Here's the actual project solution architecture:
http://i47.tinypic.com/wt8vvn.jpg

Here's my project and I have added two references:
http://i46.tinypic.com/nx1g81.jpg

Now I'm trying to access Capture class but I can't =[
http://i46.tinypic.com/demwr7.png

Please answer me ASAP. Thanks in advance =]
Posted
Updated 22-Jun-12 18:23pm
v3

There can be different situations; and you don't really show in your pictures how do you try to use Capture. What I could see is that the property Capture related to mouse capture is shown. Here is how you can see what is accessible from the assembly you referenced: focus on Solution Explorer, select the item in the Solution Explorer, the one representing a referenced assembly; and double click on it. It will show the view in the area of the source code tabs; it will allow you to browse through reflected public declarations and see what's available, as well as the help on each item, if XML help comments were provided by the developer.

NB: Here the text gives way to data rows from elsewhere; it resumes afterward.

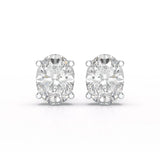 1 CT Oval Pair Solitaire Lab Diamond Stud Earrings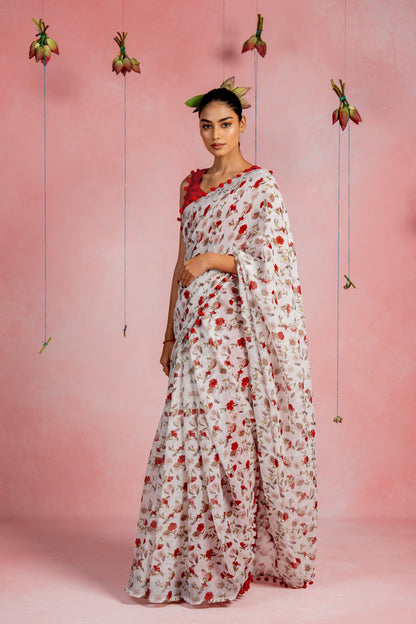 Beautiful Floral Printed Cotton Saree with Unstitched Blouse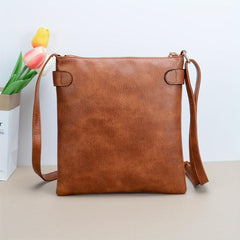 Zipper Crossbody Bag PU Leather Textured Bag Purse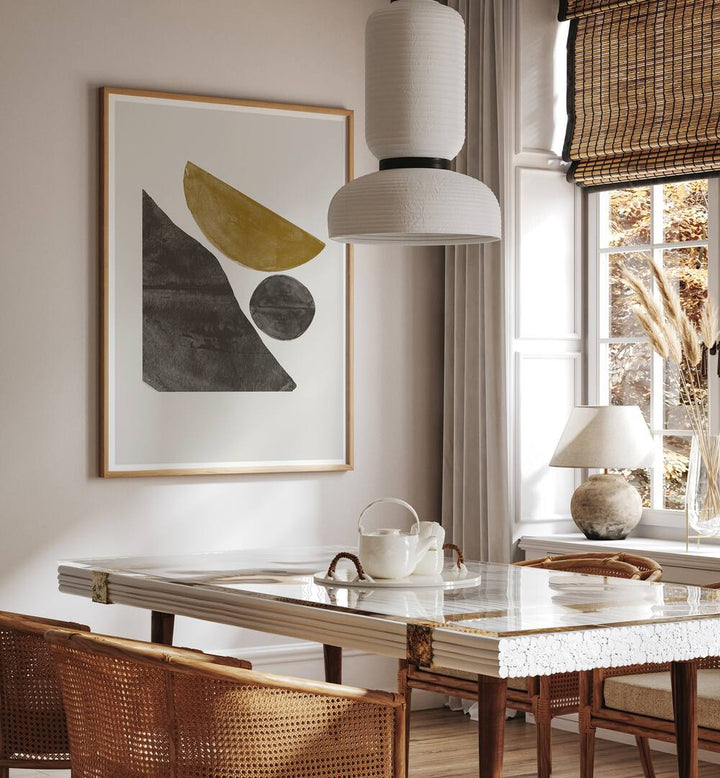 Modern dining area featuring NEW OBJECTS NO.II, GEOMETRIC ART PRINTS, adding elegance and harmony to the room.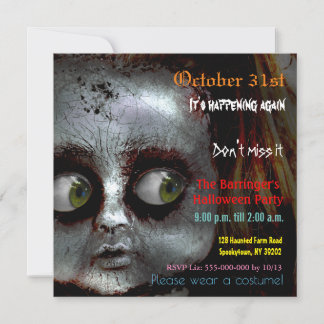 Rädd docka läskig Halloween Semi Glans Inbjudan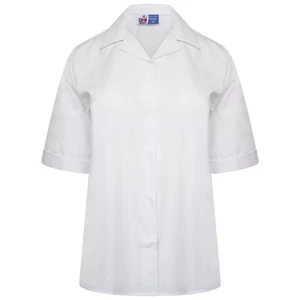 White Short Sleeve Girls Kids Revere Collar Blouse School Uniform Smart Shirts - Picture 1 of 1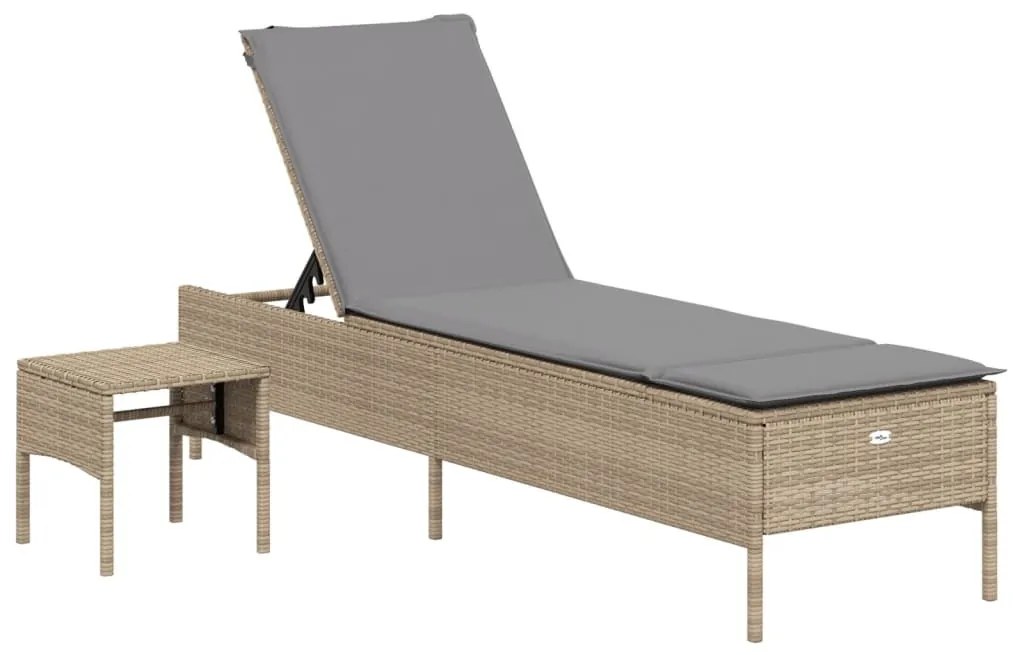 3 részes bézs polyrattan napozóágy szett párnával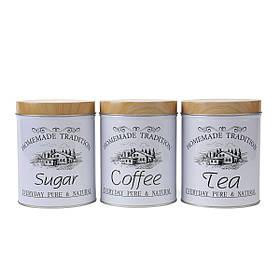 Набір з трьох банок "Стильна кухня", біла 13,5 см. ELISEY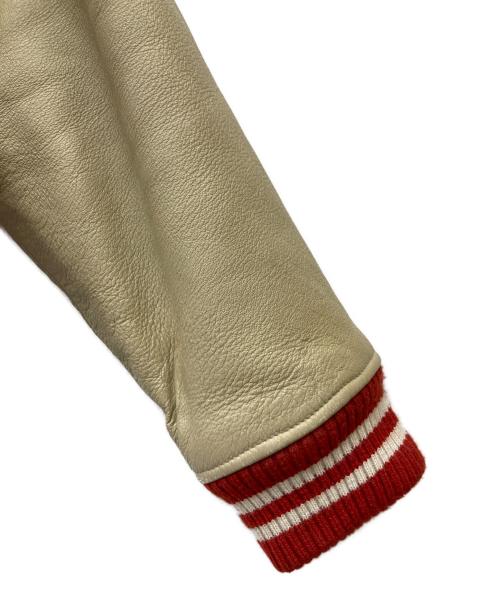 HOUSTON（ヒューストン）HOUSTON (ヒューストン) レザー切替スタジャン レッド×ベージュ サイズ:36の古着・服飾アイテム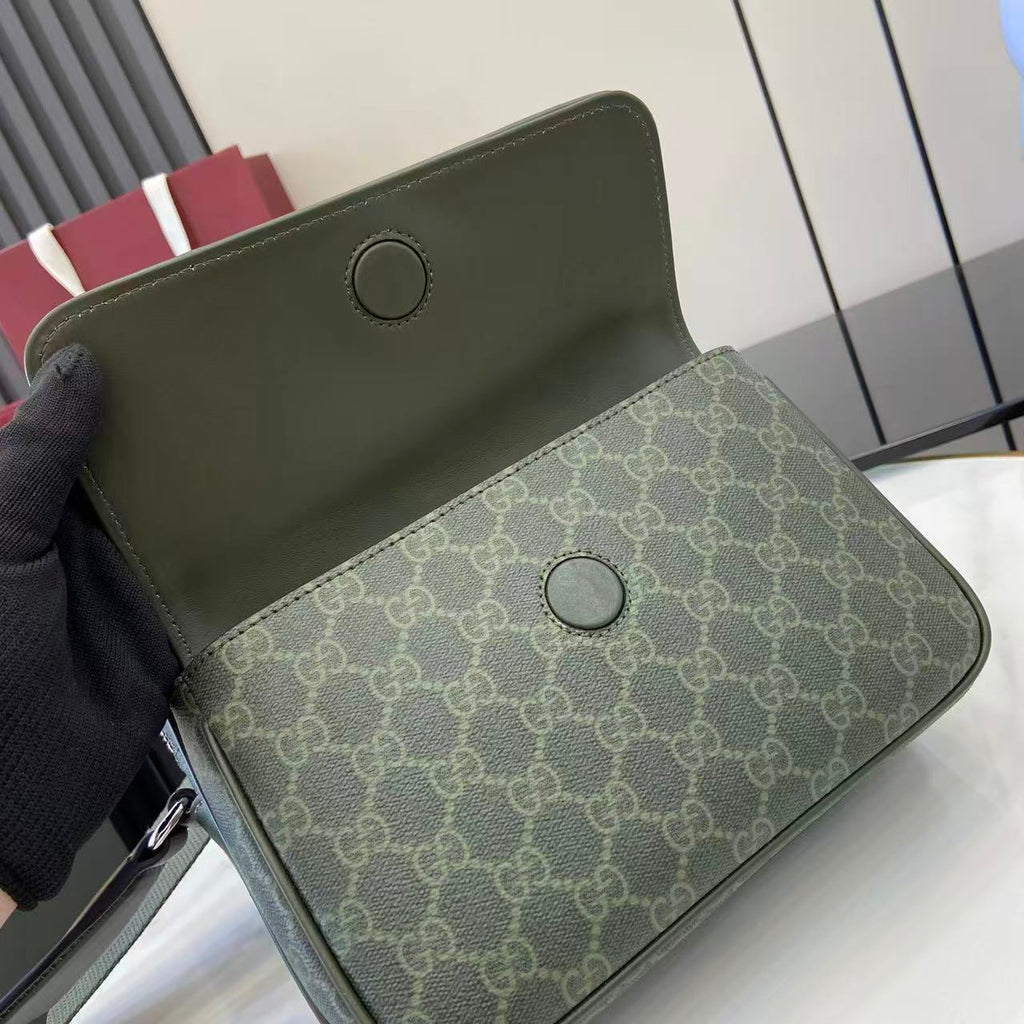 Monogram crossbody bag flap in dark green with GG pattern and snap buttons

Another thing is hardly related to the library you have references, because it is probably already a library prepared to be used as a reference, but you need to understand something which is good to understand. You always reference assemblies (not libraries, DLLs, and — notably — not projects). Even though you can reference by project (through the "Browse" tab of the "Add Reference" window), this is only the artifact of the solution functionality under Visual Studio, a kind of development automation tool, it allows to abstract out strong names of the assemblies, so you can freely modify them during development. So, you reference an assembly, no matter if its main executable module is DLL, EXE or anything else; this is nothing but exception. Referencing of application's EXE can be used to plug-in architecture, to reference plug-in API by plug-in assemblies, so you can store the plug-in API directly in the host application.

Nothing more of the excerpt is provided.